At our request, the Higher Education Funding Council for England is reviewing the impact of the equivalent or lower qualification policy. We will consider the council’s advice when we receive it later in the year.
I am grateful to the Minister for that answer, and I hope that those who will be affected will find it encouraging. We are starting to appreciate the scale of the economic recession and he has just indicated that the Government are speaking to HEFCE about offering more help to people who become unemployed, particularly in respect of disciplines different from those in which they previously worked. I hope that he will accept that what the Government have previously said about financial support for ELQ students risks giving a very mixed message to those whom the qualification is trying to help.
I hope that the hon. Gentleman acknowledges our announcement on increasing the amount of career development loans available to people who want to do postgraduate study. I hope that he will recognise the £148 million that HEFCE has put into employer co-funded schemes and programmes for people in work and attached to an employer who want to engage in further study. I hope he will also recognise the investment fund that HEFCE has announced for economic challenges. That fund, effectively of £50 million, is to ensure that people across the country are getting the skills to take up employment, reskill, retrain and upskill in these difficult times.

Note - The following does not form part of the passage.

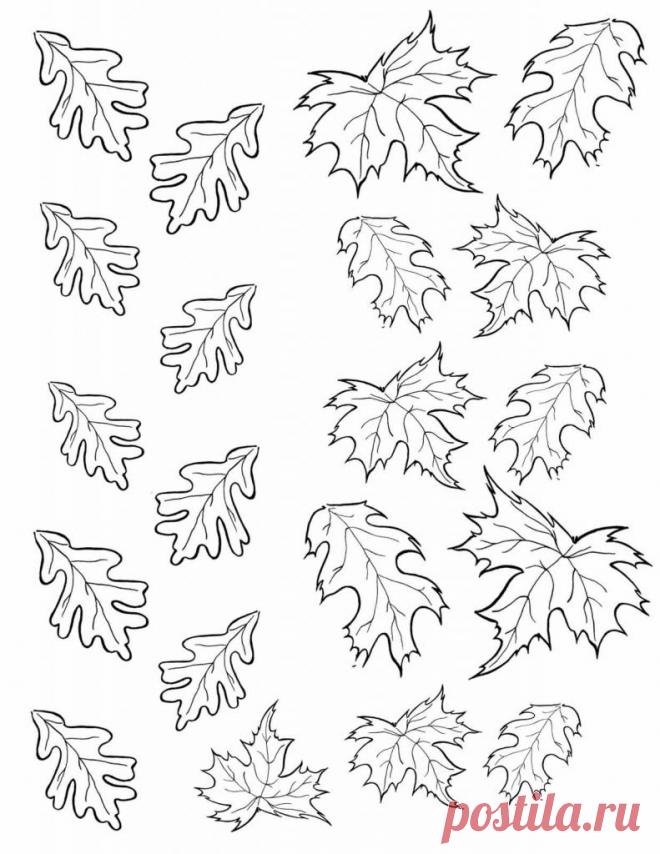 Картинки-раскраски про осень (35 фото) ⭐ Забавник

The decision to remove funding for ELQ students was a knee-jerk reaction and a mistake. As unemployment rises in the United Kingdom and people are desperate to retrain, the Government are beginning to look stupid on this issue. Can the Minister simply explain why the decision was taken, and will he at least begin to review it? People are desperate to retrain, and they cannot under this system.
Let us not get into an interpretation of “stupid”. We have explained the issue a number of times to the hon. Gentleman. Let me say this to him for probably the fifth or sixth time: in respect of people who do not have a first degree, it must be an imperative for the Government to redistribute funds—£100 million—to benefit them in these difficult times. If he chose to leave and do a second degree, it could not be right for the Government to reward him over someone who had not done a first degree.